(RAW DATA begins)

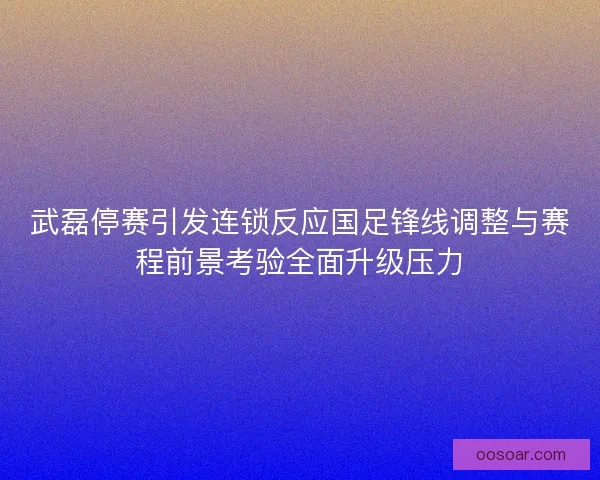 武磊停赛引发连锁反应国足锋线调整与赛程前景考验全面升级压力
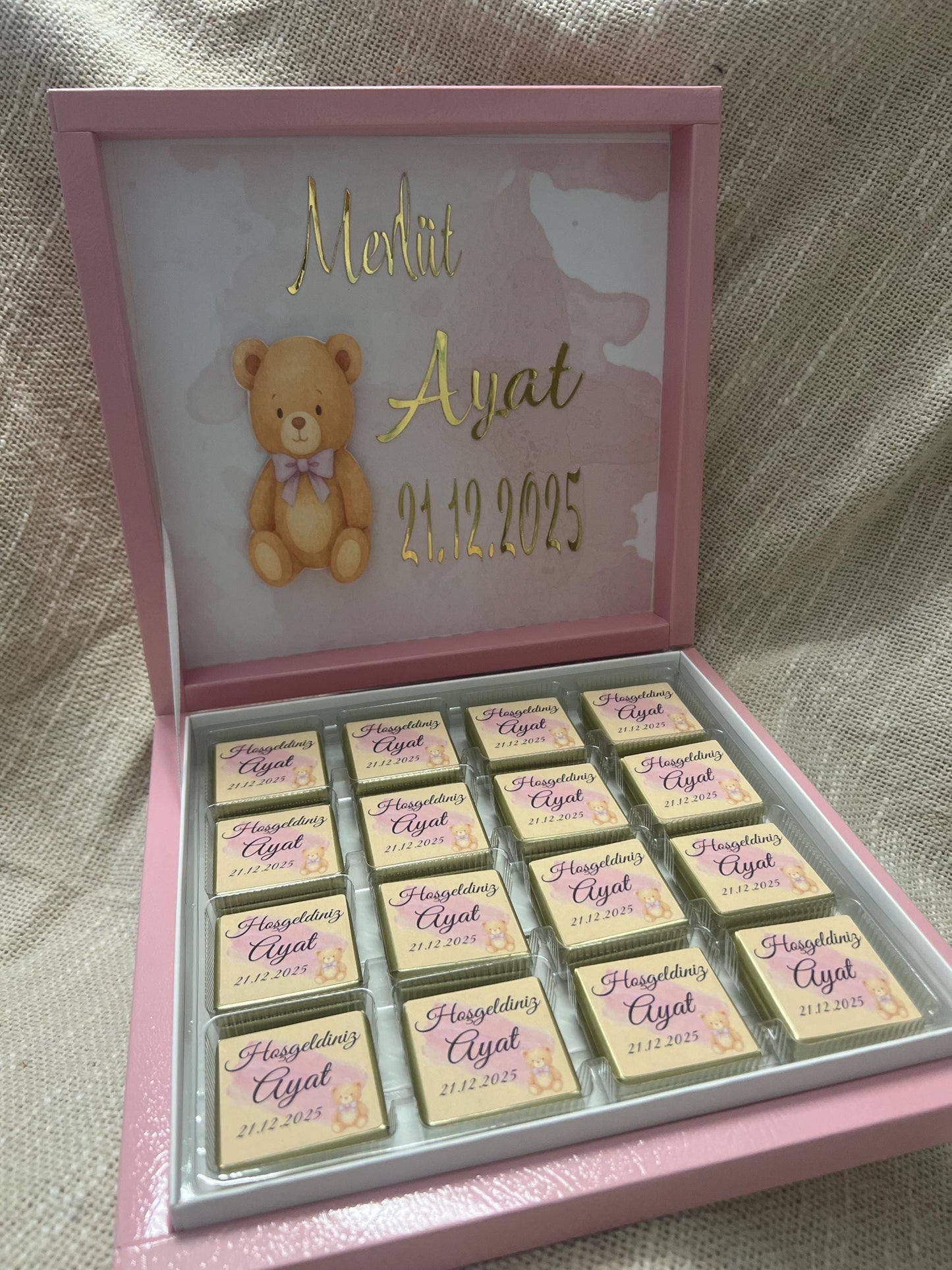 Mevlüt Schokobox, Hoşgeldin Bebek, Baby Party, Schokobox personalisiert mit Teddy, Sünnet, Willkommensgeschenk Baby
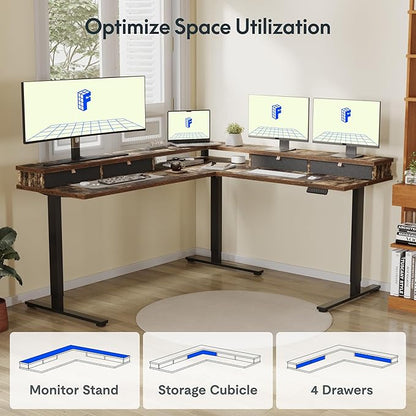 FLEXISPOT 71'' L Shaped Standing Desk Electric Corner Table with Shelf, 4 Storage Drawers, Adjustable Computer Workstation for Home, Office, Game, Studio, Rustic Brown Top + Black Frame
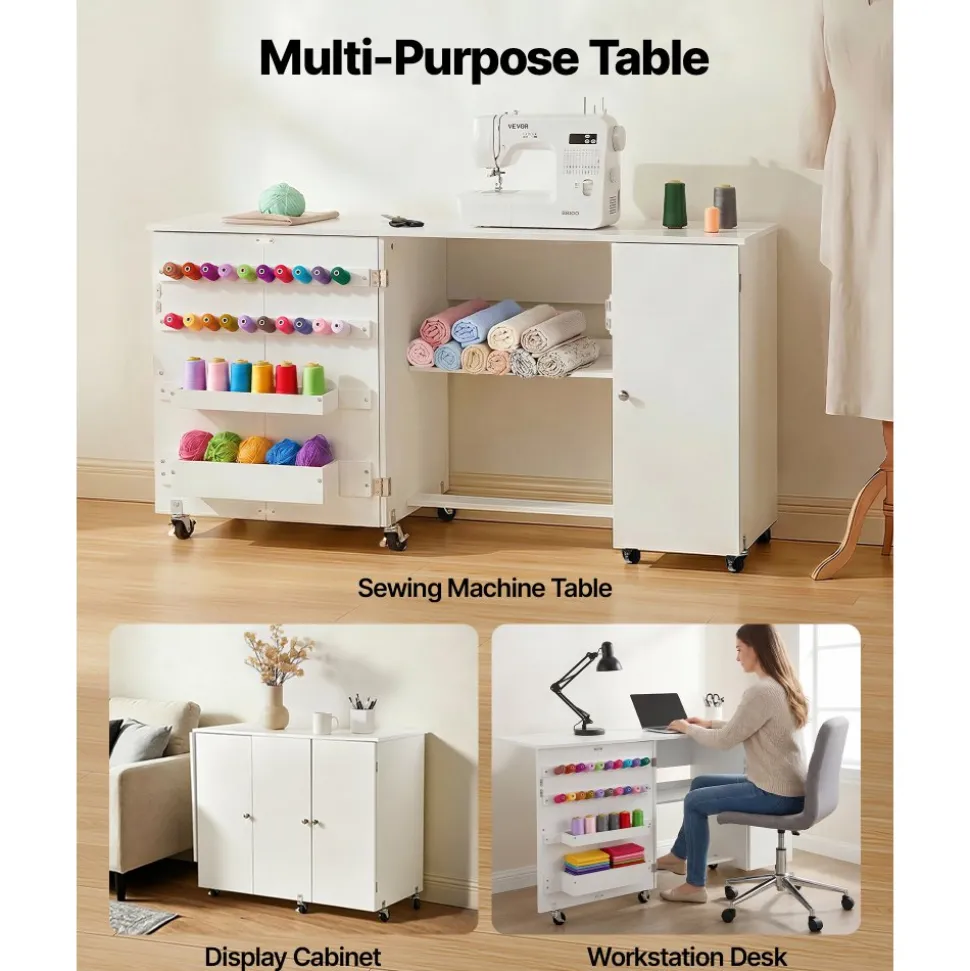 VEVOR Folding Sewing Table, Multipurpose Sewing Machine Table with Compact Design, Wheels, Shelves, Storage Trays, Wooden Pegs, and Magnetic Doors, Sewing Desk Cabinet for Sewing Machine, White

(RAW DATA ends)

Each line of the listing above must be given again exactly; the pictures are to be left out.

 武磊停赛引发连锁反应国足锋线调整与赛程前景考验全面升级压力
 Mevlüt Schokobox, Hoşgeldin Bebek, Baby Party, Schokobox personalisiert mit Teddy, Sünnet, Willkommensgeschenk Baby
 FLEXISPOT 71'' L Shaped Standing Desk Electric Corner Table with Shelf, 4 Storage Drawers, Adjustable Computer Workstation for Home, Office, Game, Studio, Rustic Brown Top + Black Frame
 VEVOR Folding Sewing Table, Multipurpose Sewing Machine Table with Compact Design, Wheels, Shelves, Storage Trays, Wooden Pegs, and Magnetic Doors, Sewing Desk Cabinet for Sewing Machine, White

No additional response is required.